October 7th, 2009 at 4:14 pm
Good review, Ty. I agree with a lot of what you wrote here. I was really excited about this one, considering it was about hockey in the 80’s (the sport’s heyday, IMO) and perhaps the biggest trade ever at the time.
The thought of Gretzky being traded seemed incomprehensible at the time. Even now, people make the comparison when a trade rumor is proposed: “Hey, anything’s possible. Even Gretzky got traded”.
I thought the golf course conversations with Gretzky were a bit…self-indulgent. The pace of the documentary, as a whole, wasn’t very good.

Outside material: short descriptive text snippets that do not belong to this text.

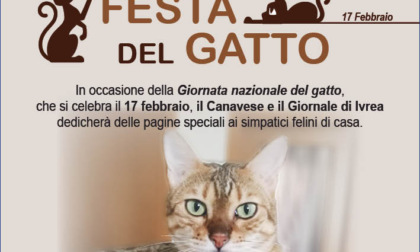 Celebra la Festa del Gatto: il Canavese e il Giornale di Ivrea dedicano pagine speciali ai vostri felini!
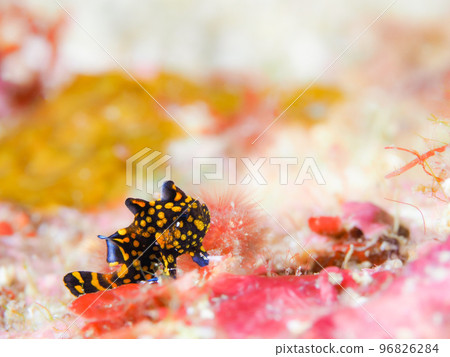 Juvenile Black-eyed Frog Monkfish Black Juvenile Black-eyed Frog Monkfish Black 96826284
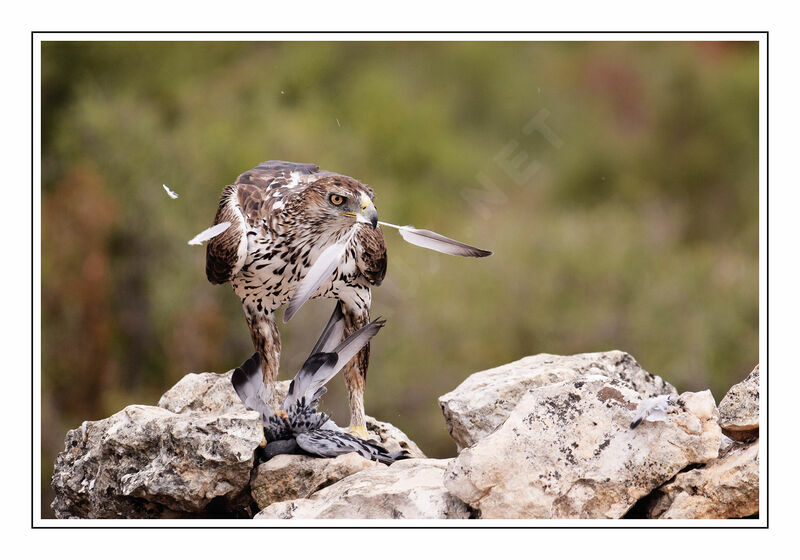 Aigle de Bonelli femelle adulte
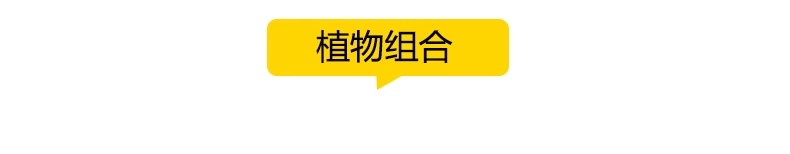 图片[42]-景观园林ps公园花园庭院绿化花境植物组团花镜组合设计psd素材-大怪兽分享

On the plus side, I give them marks for not shying away from the “Janet Jones as Yoko Ono” angle.
Also, you forget how resplendent the mullets were in the 1980’s.
October 7th, 2009 at 4:18 pm
Peter Berg should never grow a beard.
October 7th, 2009 at 4:23 pm
That was a HUGE trade at the time. This was not a mediocre WR being traded from the Browns to the Jets. This was the Babe Ruth of hockey being shown the door at the top of his game. This would be like Paul McCartney leaving the Beatles in 1968…to start Wings. Kind of a big deal.
October 7th, 2009 at 4:26 pm
not being a movie guy, i had to look up who the hell this peter berg is (i guess i’m supposed to be impressed). i can honestly say the only work of his i’ve ever seen is friday night lights, which i’m not a fan of.
(for me, friday night lights is little more than a cheap soap opera with football as a back drop. click.)
October 7th, 2009 at 4:27 pm
and ever since then, everybody became tradeable in all sports.
October 7th, 2009 at 4:29 pm
the tv show is, but not the movie, which he also directed and wrote the screenplay for.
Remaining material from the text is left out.